Esta modificación del poder ejecutivo para su aplicación por la Secretaría de Hacienda y Crédito Público (SHyCP) permite el pago limpio, tal y como es de los impuestos, mayormente el Impuesto Sobre la Renta ISR que es del Gobierno Federal.
“Es decir si vendía una propiedad en un millón de pesos, pero con el apoyo del Notario se tasaba en 600 mil pesos y sobre esta cantidad se pagaban los impuestos Municipales, Estatales y Federales”, dijo.
La publicación en el Diario Oficial de la Federación y que tendrá vigencia a partir del primero de enero, dice; Artículo 4 – . “Los avalúos que se practiquen para efectos fiscales tendrán vigencia durante seis meses, contados a partir de la fecha en que se efectúen y deberán llevarse a cabo por las autoridades fiscales, instituciones de crédito, la Comisión de Avalúos de Bienes Nacionales, por corredor público a personas que cuenten con cédula profesional de evaluadores expedida por la Secretaría de Educación Pública”.

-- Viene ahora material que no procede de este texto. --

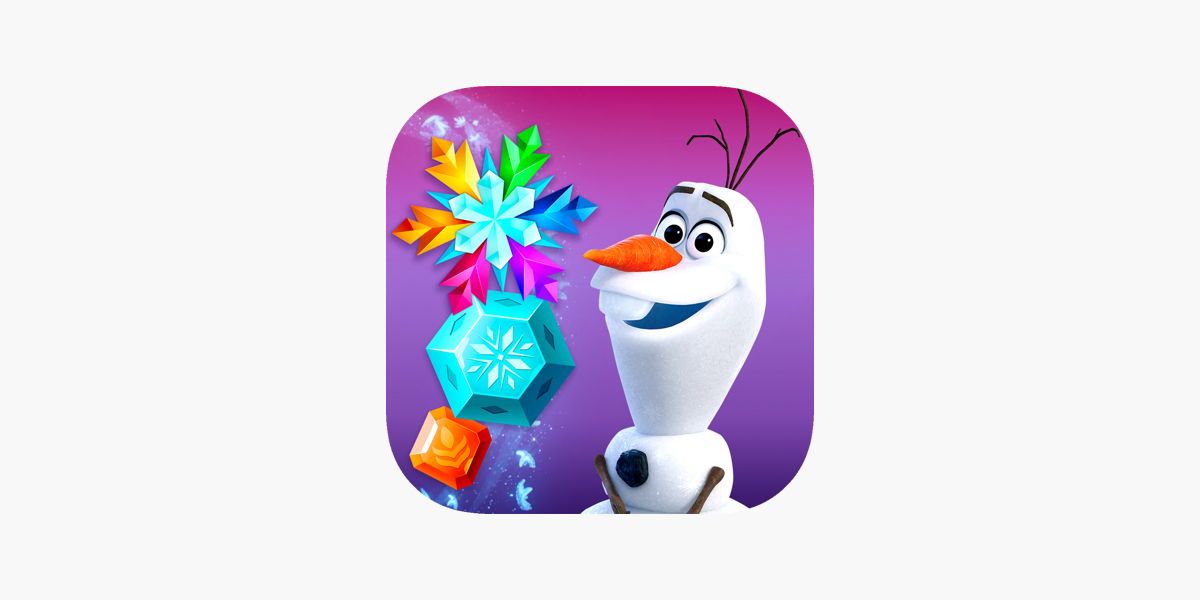 Disney Eiskönigin-Abenteuer im App Store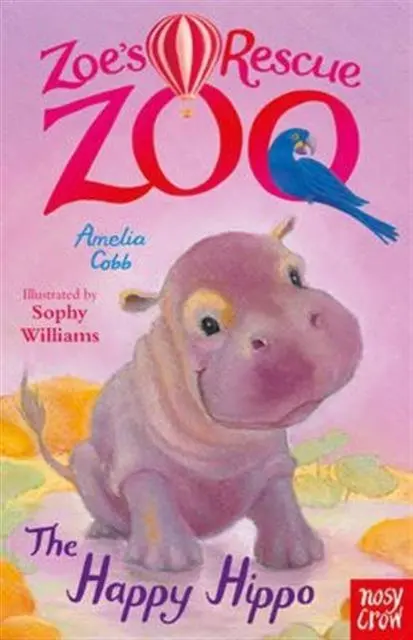 Zoe's Rescue Zoo: The Happy Hippo 1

Toda venta de bienes inmuebles será derecho, esto es lo que quiere decir este ajuste a la ley. No habrá más “manejos bajo el agua” para evadir impuestos y se otorgará justamente lo que la ley marca, asentó Chapa González.
Indicó que anteriormente no se tomaba en cuente el evaluador comercial, tampoco al perito registrado y se operaba solamente con el valor comercial, cuya fisura permitía subvaluar la propiedad para evadir impuestos.